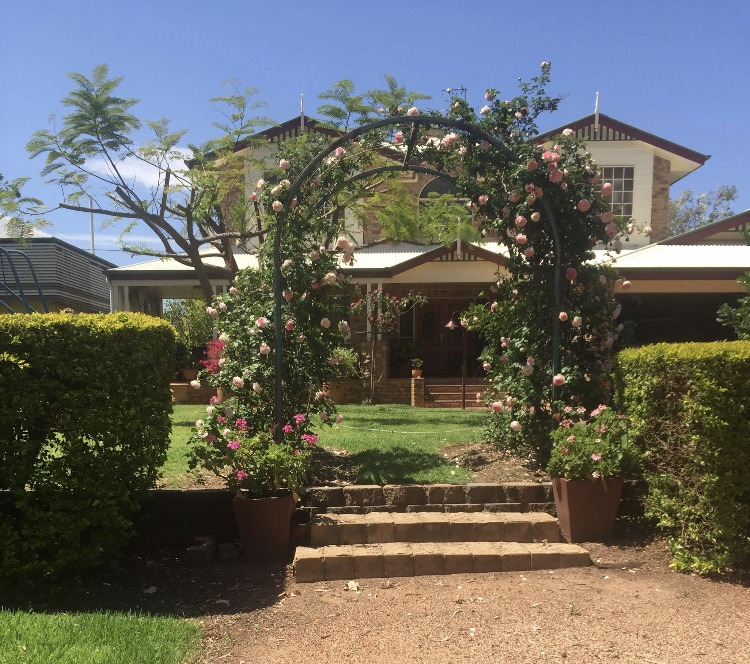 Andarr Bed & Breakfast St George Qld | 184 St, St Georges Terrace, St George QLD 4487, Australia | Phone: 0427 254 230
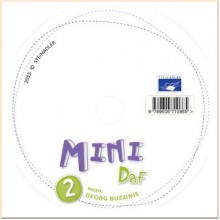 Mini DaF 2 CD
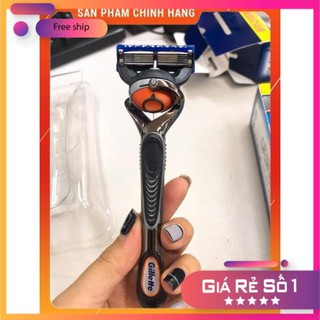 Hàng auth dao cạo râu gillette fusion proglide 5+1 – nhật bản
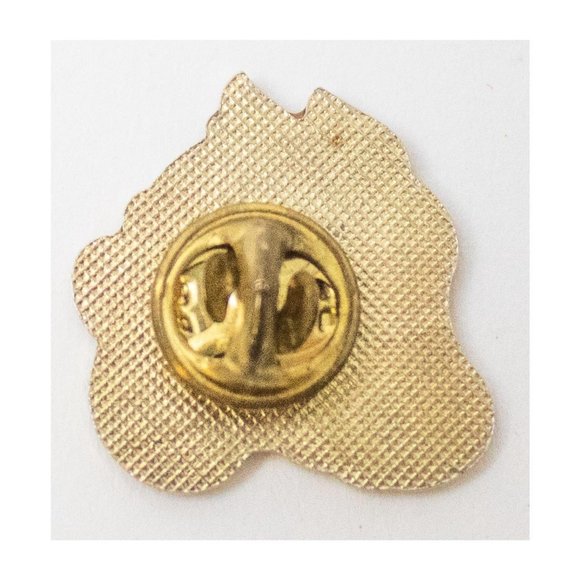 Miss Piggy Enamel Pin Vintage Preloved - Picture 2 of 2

---

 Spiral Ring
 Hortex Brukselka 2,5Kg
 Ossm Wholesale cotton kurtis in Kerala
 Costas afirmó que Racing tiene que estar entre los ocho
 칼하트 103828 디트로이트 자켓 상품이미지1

_Activity:_
Using the listing above, copy exactly the line that contains "Costas afirmó que", the line that contains "칼하트 103828 디트로이트 자켓 상품이미지1", and each line that falls between them.

_Output of the task:_
 Costas afirmó que Racing tiene que estar entre los ocho
 칼하트 103828 디트로이트 자켓 상품이미지1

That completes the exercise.